Sorry I haven't updated this thread in some time but there has been some important updates with MasterCard SecureCode.
MasterCard SecureCode will now be offering protection on all cards regardless of enrollment outside of the US along with an interchange break.

I've attached a pdf to this post which outlines all the program updates.
Mods,
Please remove if this violates the TOS.
I was wondering what the changes were made to the program and cannot seem to locate the pdf document.

here's a link you can follow to get more info
the pdf size is too large to upload
http://www.cardinalcommerce.com/solutions/verified.htm
What will happen to a transaction that went through 3D secure processing and then was slightly different when actual processor authorization was processed? (amount change, shipping cost addition, split transaction, etc) Many merchants do not perform thier actual authorizations in real time but wait unitl stock levels are checked, shippint costs are verified, etc. Will the ECI and 3D secure validation hang on the transaction for fraud protection and interchange reductions?
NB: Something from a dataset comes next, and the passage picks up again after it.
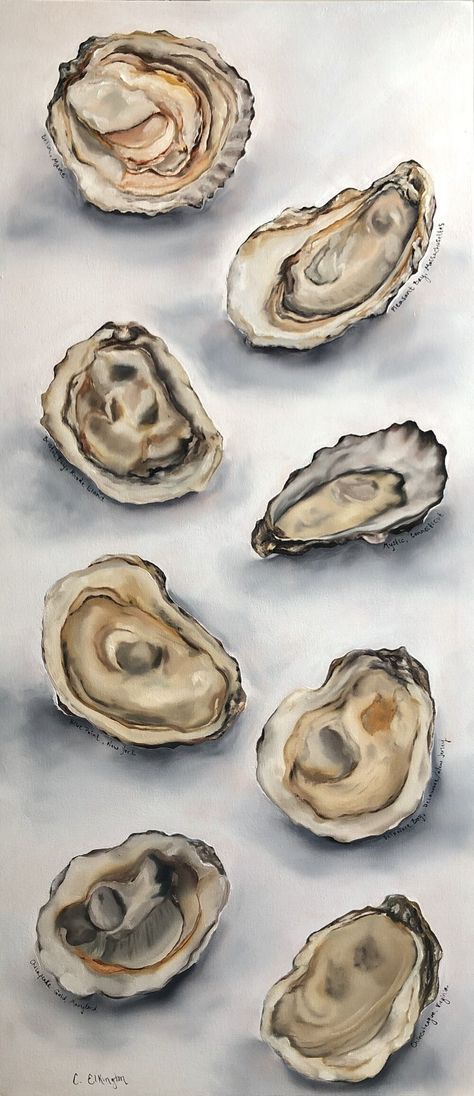 East Coast Oysters Watercolor Oyster, Ocean Kitchen, Shell Paintings, Kitchen Beach House, House Cottage, Fly On The Wall, Painted Shells, Cottage Farmhouse, Oil Painters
Thanks

I know this is an old thread but couldn't help but reply on why this would happen. It is most likely that the bank declines 3D secure transactions that are verified because all liability will go to the issuing bank for chargebacks, whereas if verification fails, chargeback liability will reside with the acquiring bank. While 3D secure claims to protect merchants from chargebacks (ie, guaranteed payment, cardholders can still claim that "goods or services not rendered" and a chargeback will still be processed thru". Hope this helps.